Posted by Robert H Irving on November 29th, 2009

documentpile In this and following posts we review the 4 reverse mortgage documents you need to examine closely as you research, select, and finally apply for your loan. This is only an overview and is not intended to be an exhaustive explanation of every line in every document.

Consider these as your pre-application documents. You should have received these documents from your loan officer prior to making your decision. They include (1.) the Reverse Mortgage Loan Comparison sheet, (2.) the Good Faith Estimate, (3.) The Amortization Schedule and, (4.) the Total Annual Loan Cost (TALC) calculation.  With these documents in hand you should be able to make an independent, informed decision.  You should also be able to accurately compare offers from a number of lenders if you have done your research properly.  If you do not fully understand the information contained in these documents, you need to find a reverse mortgage specialist willing to meet face-to-face in your home with you, your family and your financial advisor to explain every detail.

Reverse Mortgage Loan Comparison

We begin at the beginning; researching and accumulating information specific to your situation.  The single most important document to request from your loan officer is the Reverse Mortgage Loan Comparison sheet. To get an accurate estimate (at this point, it is only an estimate, not a guarantee) of how much you might qualify for, the loan officer will need to ask some questions about you and anyone else on the title to the property.  Then the data is loaded into a special calculator and the document is produced. Note that this information is much more detailed and accurate than online calculators designed to identify you as a reverse mortgage prospect.  If the information here has not been supplied by you, it is probably inaccurate.  Print out the sample Reverse Mortgage Loan Comparison and follow along as we go over some of the important items on this summary document. This document has almost everything you need to help you to make an informed decision.

Different lenders might have slightly different forms but the Reverse Mortgage Loan Comparison summary sheet should be arranged in 4 distinct columns. The extreme left column identifies each of the categories such as initial interest rate index, total principal limit, liens and disbursements, etc. found in each of at least 3 different specific HECM loans programs; the remaining columns.  (If you have been given a loan comparison sheet that only shows 1 or 2 options, find another loan officer.
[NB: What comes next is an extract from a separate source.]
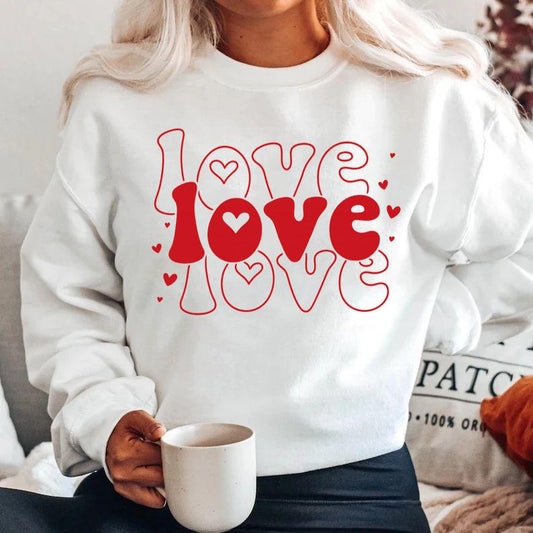 Bluza alba din bumbac 100% Red love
The upper left corner shows borrower names (be certain all owners are listed), the principal residence property address and borrower ages (FHA rounds up to the nearest birthday within 6 months).  The youngest borrower is listed first and an assumed property value is indicated.  Note that this should not be the property assessed (tax) value.  It should be an informed, educated guess based upon recent sales of like homes in your neighborhood. Since this value is a critical factor in determining how much you qualify for, consult with your loan officer who should have the experience to help you to arrive at a reasonable estimate.  A seasoned reverse mortgage specialist will advise caution.  Better to be conservative here to avoid disappointment if the FHA appraisal comes in significantly lower.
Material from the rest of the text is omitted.